[Short descriptive text snippets]
--------------------------------

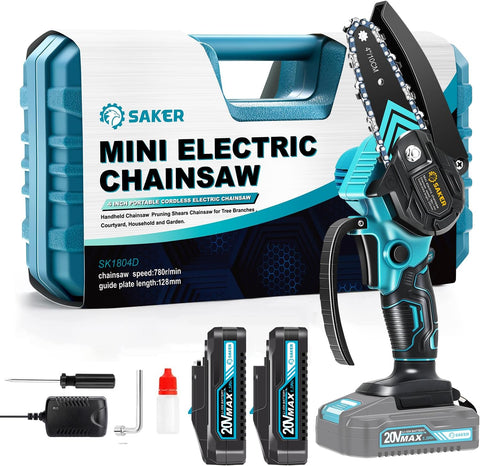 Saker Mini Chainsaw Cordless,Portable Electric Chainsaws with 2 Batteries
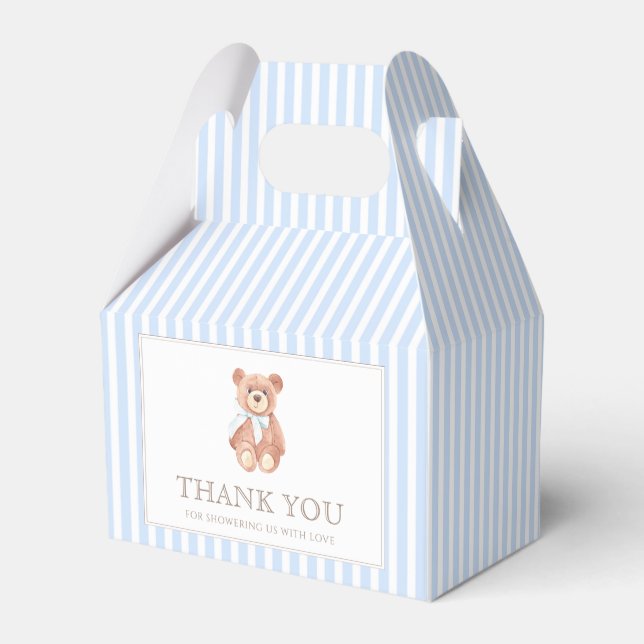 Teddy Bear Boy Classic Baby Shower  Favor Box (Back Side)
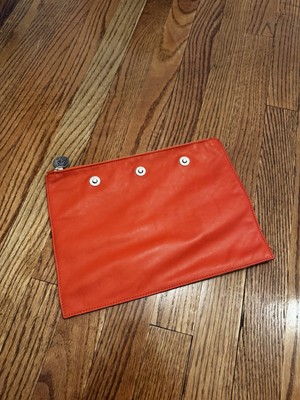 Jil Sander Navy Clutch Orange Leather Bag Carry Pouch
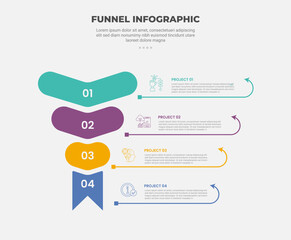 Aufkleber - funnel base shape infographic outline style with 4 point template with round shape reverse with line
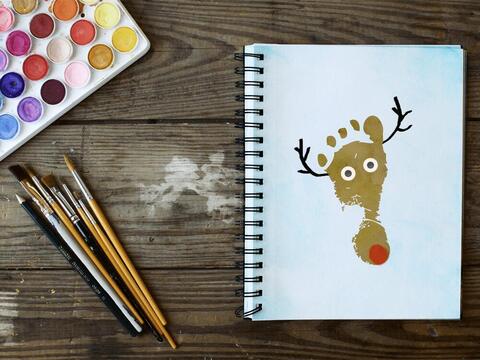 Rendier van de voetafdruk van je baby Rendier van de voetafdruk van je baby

--------------------------------

# [Exercise instructions]
Once the line containing "Aufkleber - funnel" is found, copy it and each line after it through the end of the entries above exactly; nothing else, and no pictures.

# [Exercise response]
 Aufkleber - funnel base shape infographic outline style with 4 point template with round shape reverse with line
 Rendier van de voetafdruk van je baby Rendier van de voetafdruk van je baby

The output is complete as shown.